Data records -

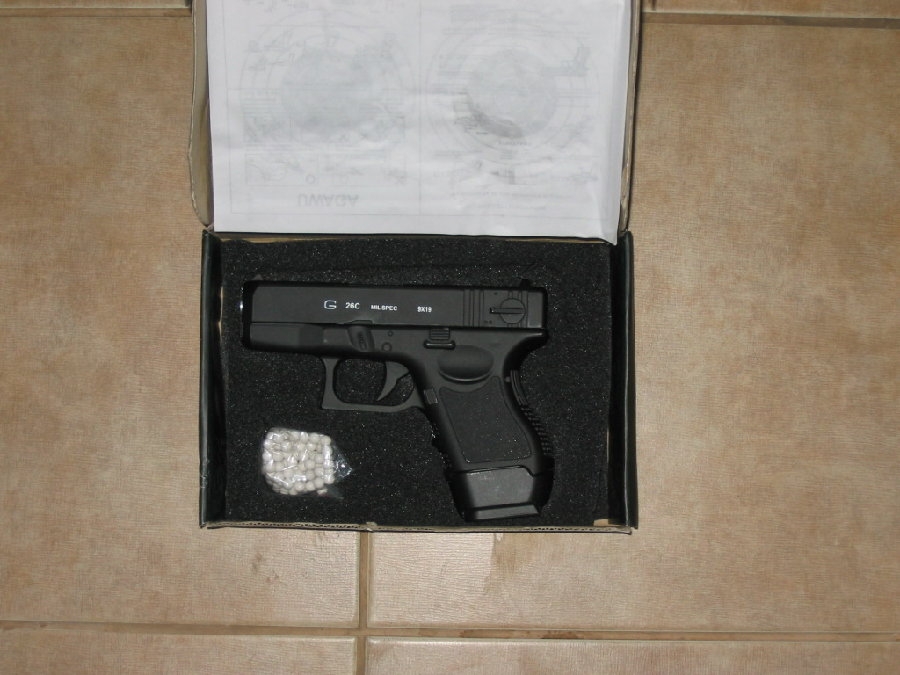 Şi armele airsoft pot aduce necazuri! Un gălăţean este cercetat pentru că s-a jucat cu pistolul în centrul oraşului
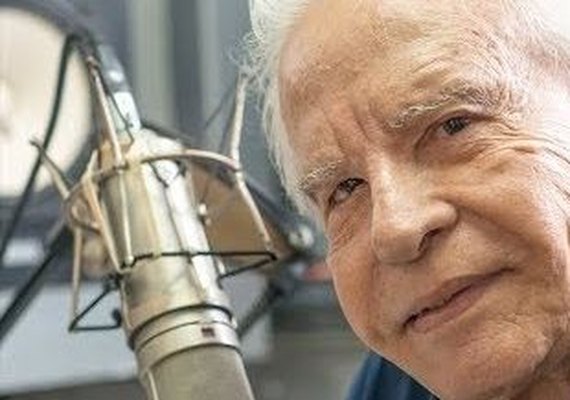 Cid Moreira recebe críticas após ‘desadotar’ o filho: ‘Ganância por dinheiro’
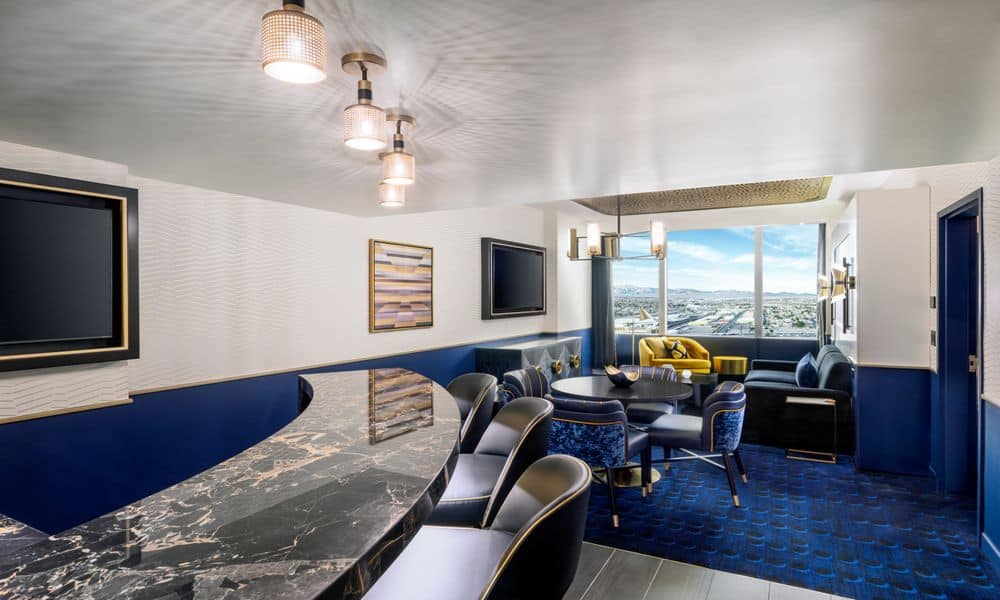 Suite living area with bar at Circa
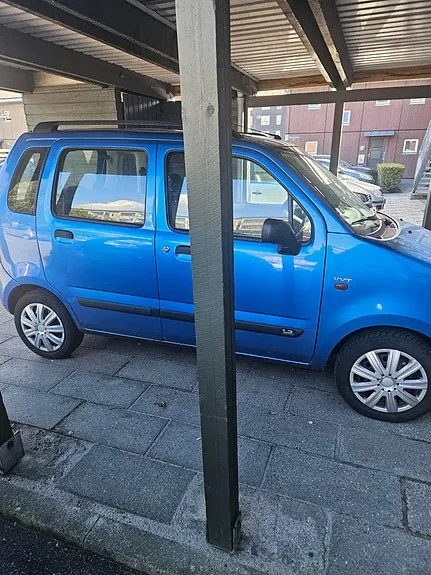 Suzuki Wagon R 2005 photo 2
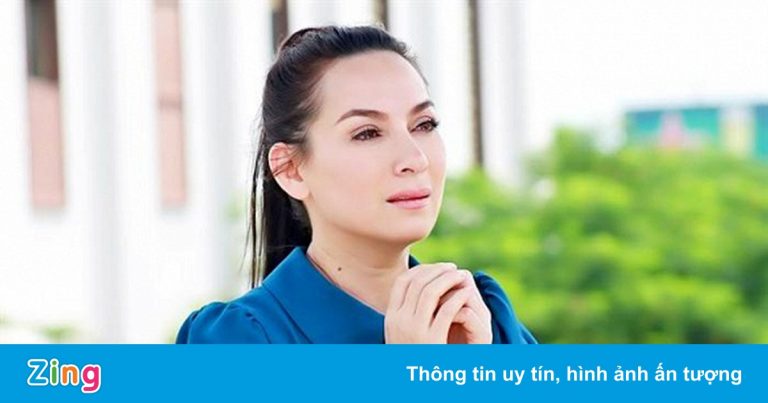 Ca sĩ Phi Nhung được thở máy và lọc máu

Exercise directions -
Leave the pictures out and restate the listing word for word.

Written response -
 Şi armele airsoft pot aduce necazuri! Un gălăţean este cercetat pentru că s-a jucat cu pistolul în centrul oraşului
 Cid Moreira recebe críticas após ‘desadotar’ o filho: ‘Ganância por dinheiro’
 Suite living area with bar at Circa
 Suzuki Wagon R 2005 photo 2
 Ca sĩ Phi Nhung được thở máy và lọc máu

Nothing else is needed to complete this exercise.